Wraz z eksploatacją, właściwości smarujące oleju pogarszają się. Spada lepkość oleju, a to oznacza również spadek wytrzymałości. To kolejny z powodów, aby pamiętać o regularnej wymianie. Olej ma też za zadanie walczyć z wilgocią w silniku. Skąd ona się bierze? Po prostu, z powietrza. Wtedy do akcji wkraczają emulgatory, które wiążą wodę i osadzają się na korku od wlewu oleju. Występują też demulgatory. Te walczą z usunięciem wody i jej odparowaniem. Jednak w warunkach zimowych, gdzie bardzo często korzystamy z auta na krótkich dystansach, zarówno demulgatory, jak i emulgatory nie są w stanie sobie poradzić z wodą, a to powoduje powstawanie szlamu i nagarów, ponieważ silnik nie jest dostatecznie dogrzany.
Jeżeli zapomnimy o wymianie lub dolewaniu oleju w okresie zalecanym przez producenta naszego samochodu, możemy doprowadzić do zatarcia się silnika. Nawet najlepszy olej silnikowy nie jest w stanie zachować swoich właściwości w nieskończoność. Dlatego ważne jest regularne sprawdzanie poziomu oleju w naszym silniku. Zbyt długa jazda z niewystarczającą ilością cieczy nie tylko przyspiesza eksploatację silnika, ale powoduje również odkładanie się niebezpiecznych dla niego elementów ubocznych spalania. Najgorszym wynikiem niskiego poziomu oleju jest zatarcie się motoru, co wiąże się z jego wymianą, a to koszty liczone w tysiącach złotych.
Dolewając olej należy pamiętać, aby zawsze był to ten sam płyn, który już znajduje się w naszym silniku. W przypadku starszych aut jego poziom sprawdzamy na miarce zwanej bagnetem. W nowszych autach poziom oleju jest już wyświetlany za pomocą specjalnego znaku graficznego tuż obok prędkościomierzy.
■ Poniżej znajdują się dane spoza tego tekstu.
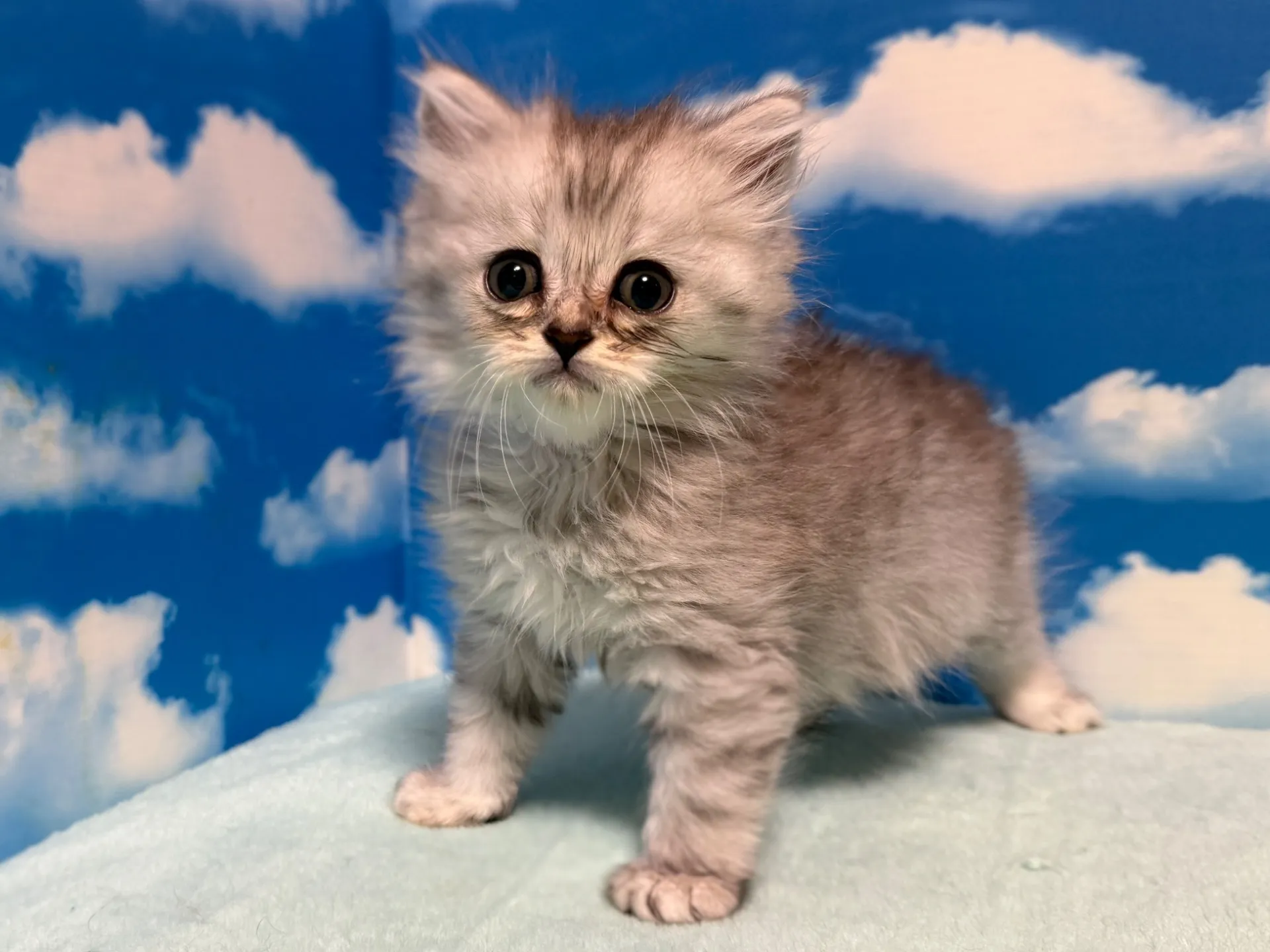 マンチカン(長足)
Będąc w trasie należy również pamiętać, aby nie dolewać zimnego oleju do rozgrzanego silnika. Zapewne zrobiłeś to nie raz i nie dwa, ale takie praktyki prędzej czy później będą miały swoje konsekwencje. Dlaczego? Ponieważ nie jesteśmy w stanie dostrzec, czy na głowicy lub wałkach rozrządu nie pojawiły się mikropęknięcia wynikające z różnicy temperatur. Najbardziej narażone są samochody, które posiadają jednostki o długich głowicach jak Nissan czy BMW, dlatego też lepiej odczekać kilka minut na „wystudzenie” silnika.
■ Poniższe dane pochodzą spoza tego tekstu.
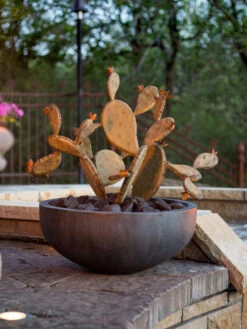 Desert Steel Prickly Pear Cactus Sculpture, Redondo -The Garden Works Shop 8610768 03v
Zaglądając do instrukcji obsługi naszego samochodu, na pewno znajdziemy rekomendację, aby stosować olej konkretnej marki, którą silnik został zalany jeszcze w fabryce. Najczęściej wynika to z porozumień komercyjnych pomiędzy koncernami naftowymi i motoryzacyjnymi. Gdy jednak odwiedzimy lokalny warsztat lub zajedziemy na stację benzynową, może się okazać, że dostępne są tylko produkty innej marki. Czy należy się tego obawiać?
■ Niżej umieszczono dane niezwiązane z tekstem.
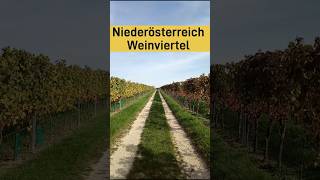 Das Lied vom Wein [upl. by Ecinna]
W większości przypadków absolutnie nie. Praktycznie wszystkie dostępne w handlu oleje podlegają niezależnej certyfikacji – w naszym rejonie odpowiedzialnym za to organem jest Europejskie Stowarzyszenie Producentów Pojazdów ACEA. Gwarantuje to, że baza olejowa – stanowiąca 75-80% całego produktu – musi swoimi parametrami mieścić się w określonej specyfikacji. Co za tym idzie, wszystkie oleje można ze sobą mieszać. Należy jednak zwrócić uwagę, by za każdym razem wybrać olej o takich samych parametrach lepkości – jest to najbardziej podstawowe oznaczenie, umieszczone na każdej butelce.
Oczywiście im bardziej obciążony jest nasz silnik, tym bardziej wybór rekomendowanej marki nabiera znaczenia, bowiem jednostki o dużym stopniu sprężenia pracują w dużo węższym oknie optymalnych parametrów. Wtedy z pomocą przychodzą specyfikacje OEM, czyli poszczególnych producentów. Na odwrocie każdego oleju znajdziemy informację o tym, które z nich dany produkt spełnia. Zawsze należy jednak pamiętać, że nawet jazda z olejem, który nie będzie w 100% dopasowany do naszego silnika, jest lepsza od eksploatowania jednostki z niewystarczającym smarowaniem.